Seconds tick by. My alarm clock slowly flashes a new minute, then a new hour. Everyone and their mother is sleeping and here i am, awake again. Its been three days since my last inbound call, and I'll be damned if it wasnt a butt dial. The one friend i did have is fixing his life and sorting it out.. without me this time. The pack of cigarettes i smoked today made me feel better for a wbile... but now i'm broke as a joke so no more pot or cigarettes to keep me from myself. This is the sixth day of near sleeplessness... and the third that i stifle sobs so as to not wake the family.
Every day i look for a job, i try to meet new people, or reconnect with old ones... being a high school and college dropout doesnt help my case any. I lost most of my friends aftwr my first suicide attempt... the shelf i hung from gave way to my weight, so they thought i was craving attention... my family doesnt know. 19 years into this adventure called life.. 6 phone contacts, my v card, and i havent yet broken a bone. The saddest part to me is that as a reasonably bright 19 yo i cant figure out why i am the messed up one.
My ADHD on top of other things is a daily impediment. I try to communicate but my mind is too fast for my mouth and i get jumbled up... this makes it especially difficult to reach out to loved ones and friend.. in fact this is the first anyone knows about me being less than content... i guess i can pride myself that far.

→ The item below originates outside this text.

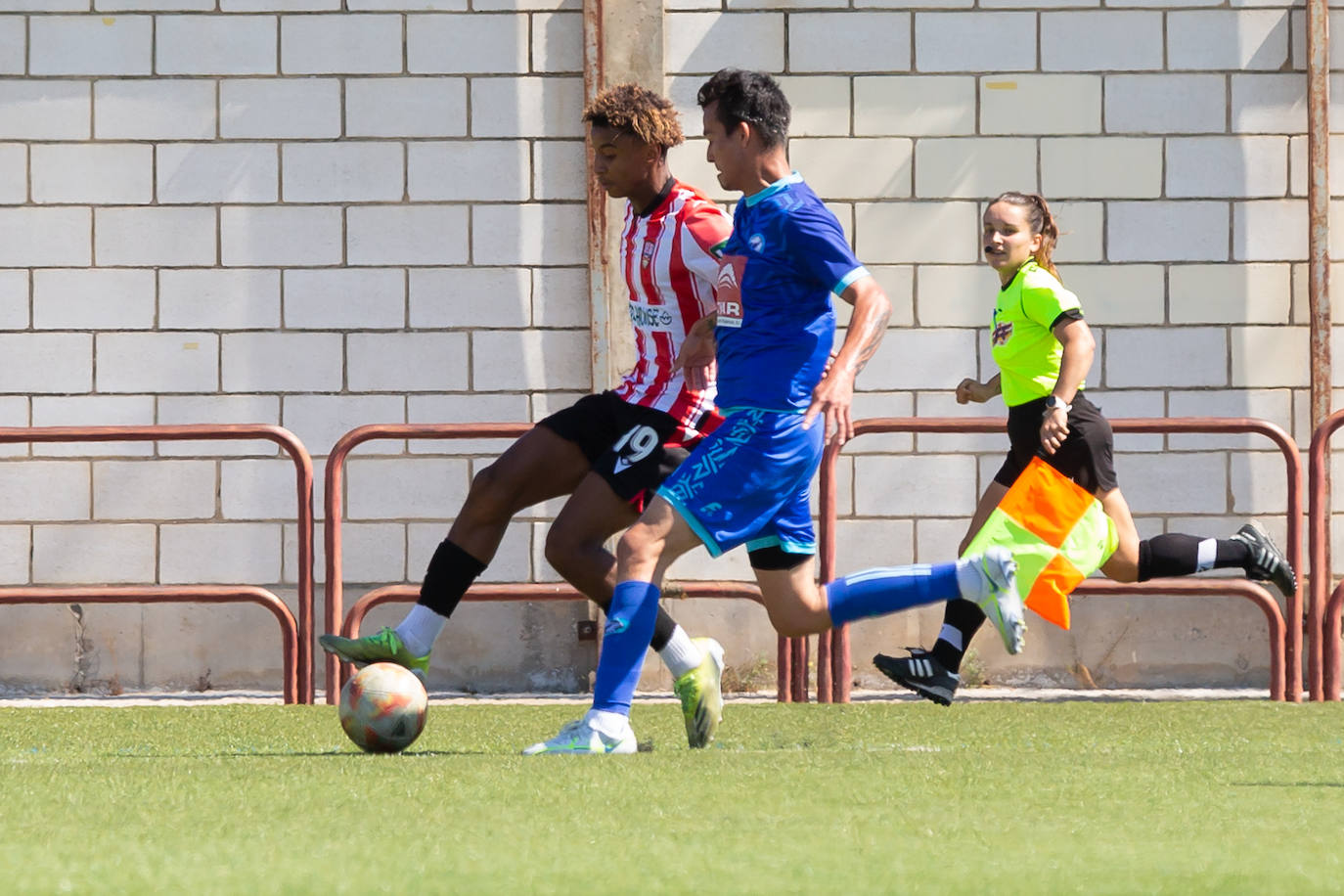 Fotos: La UD Logroñés B gana el torneo del Comillas en el que también participó el Anguiano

Every waking moment for two years of my life has been for drugs or another person... but drugs lost their fun and newness and people slowly dissolved away.. which brings us to now.
I am G.R. Wilson, 19, jobless, directionless, and looking up self help forums on Google.
Who are you? | |
I want to beat you nearly to death with an angry birds plush toy.
ASSHOLE!!
first off, how are you both a high school and college drop out? if u dropped out of hs, go get your GD and then after that, go to community college. try to get aid. u can join clubs there and meet new people and make friends. you can even get a job at ur college and many colleges host job fairs and help find their students jobs. so that would be a great start for you.
as for as your ADHD, you can gets medication for that. that will help.
all of your problems are fixable. just have to start with getting medication for ADHD and then you will feel better and sleep better.
You can get a GED, and still go to college if you want. Its not that hard. You can still make friends. Theres drugs to help with your ADHD. Theres many jobs to be had, keep plucking away, go volunteer somewhere in the meantime. You got it easy compared to alot of people on this board. Stop worrying, stop thinking so negatively about everything. "I still have my v card.." who gives a shit, stop feeling bad for yourself. Look at the cup as half full, because it is.
On another note, Jesus can change you and your life. "Jesus said, Come to me, all you who are weary and burdened, and I will give you rest. Take my yoke upon you and learn from me, for I am gentle and humble in heart, and you will find rest for your souls". Give your life to him and he'll give you life.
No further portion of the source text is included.